Naturalmente, cuarenta años constituía un periodo de tiempo de espera un tanto prolongado y Russell decidió dar nuevos alicientes a sus adeptos. Así, profetizó que éstos no tendrían que esperar hasta 1914 para encontrarse con el Señor. En 1878 serían arrebatados al encuentro de Jesucristo en el aire. A tal fin —e imitando a sus antecesores adventistas—, los russellistas se vistieron con túnicas blancas y se fueron a esperar a Cristo al puente de Pittsburgh.
[34]
No hace falta decir que el fracaso fue sonado.

La convivencia entre Barbour y Russell pronto dejó de ser buena. El segundo ya tenía todo lo que necesitaba para conseguir adeptos y no precisaba de su anterior mentor. Por un lado, sus doctrinas esenciales (identificación de Miguel arcángel con Cristo, negación del infierno y de la inmortalidad del alma, predicación sobre la creencia del fin del mundo, etc.) ya las había tomado del adventismo. Por otro, para profetizar fechas del fin del mundo se bastaba y se sobraba. La sociedad se deshizo. Barbour, auténtico canal de unión entre el adventismo y el primer presidente de la secta de Brooklyn, caería en el olvido. Los actuales adeptos no sospechan hasta qué punto aquel hombre desconocido marcó sus destinos.

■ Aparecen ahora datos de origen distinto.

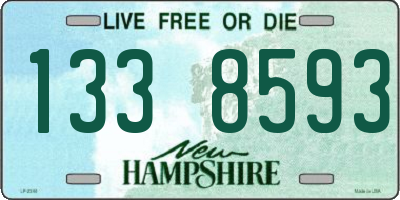 NH license plate 1338593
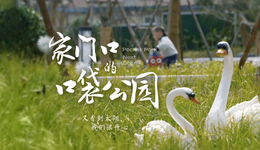 百姓話思想⑥｜推窗見(jiàn)綠，出門(mén)進(jìn)園：這個(gè)小區(qū)的空間做了“微創(chuàng)手術(shù)”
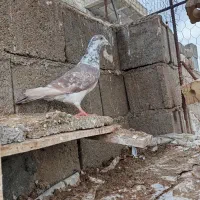 کفتر|پرنده|جنت, |دیوار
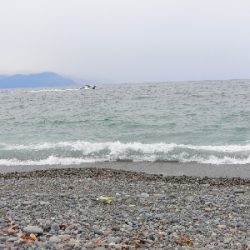 久々の静岡サーフ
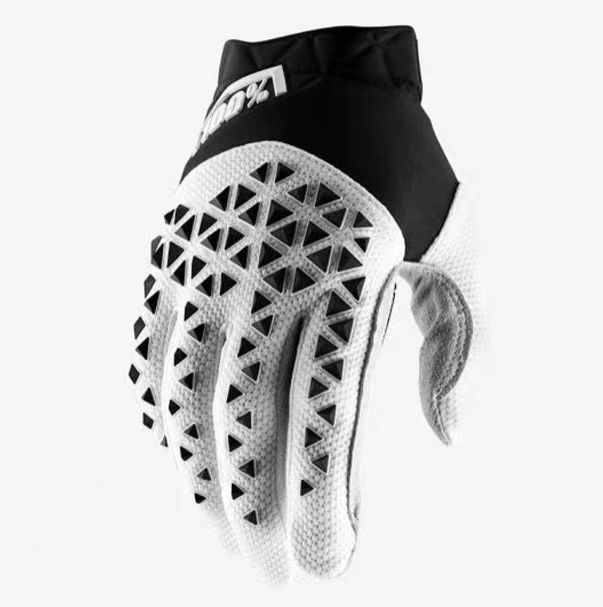 バイク ウェア プロフェッショナルレーシンググローブ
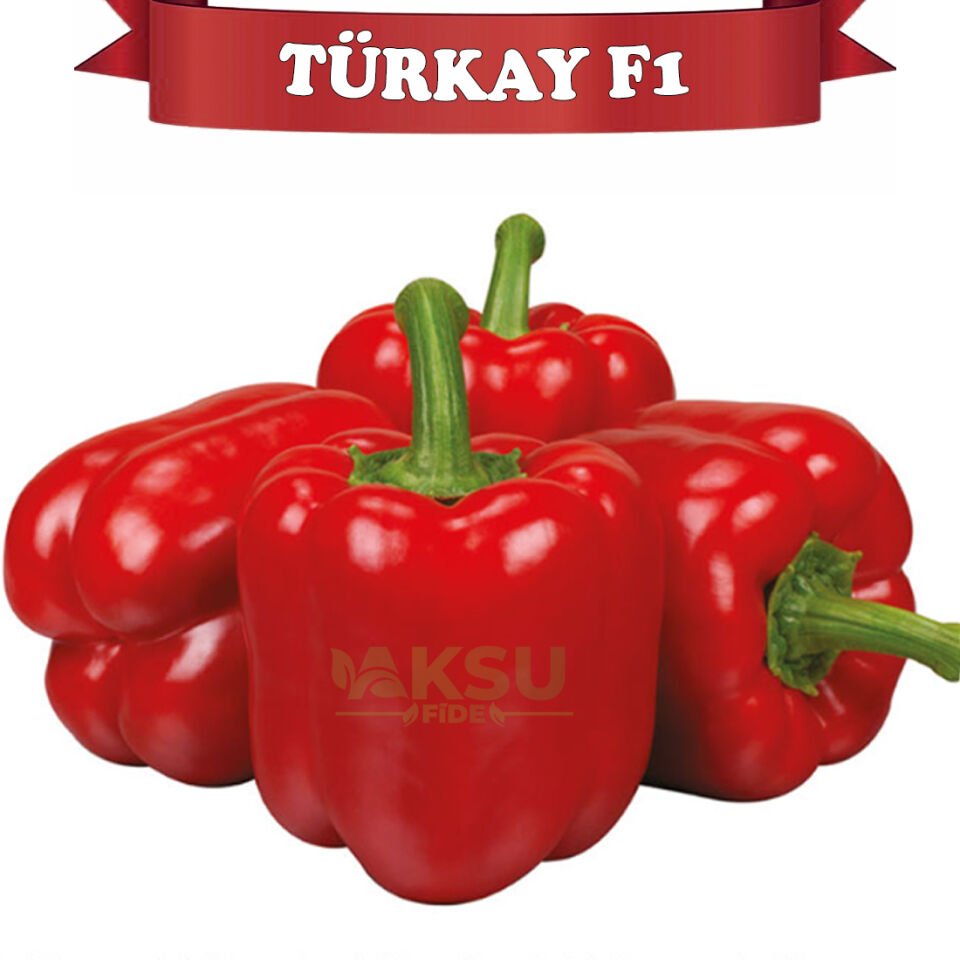 Türkay F1 Kırmızı California Wonder Biber Tohumu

En 1879, Russell se establecía por su cuenta y fundaba la Sociedad Wachtower. Dos años después tendría el primer revés. Pretendió que en 1881 él y sus adeptos (esta vez sí) serían arrebatados por los aires al encuentro de Cristo. Aquello resultó excesivo para muchos de los que habían vivido la bochornosa experiencia de 1878 en el puente de Pittsburgh. Un grupo de cierta categoría y su principal colaborador, un tal Paton, abandonaron a Russell convencidos de que a nada conduciría el insistir en hacer el estúpido vez tras vez. Era el primer cisma que sufriría la secta a cargo de sus adeptos desengañados por las falsas profecías de la misma, el primero de una dilatada lista.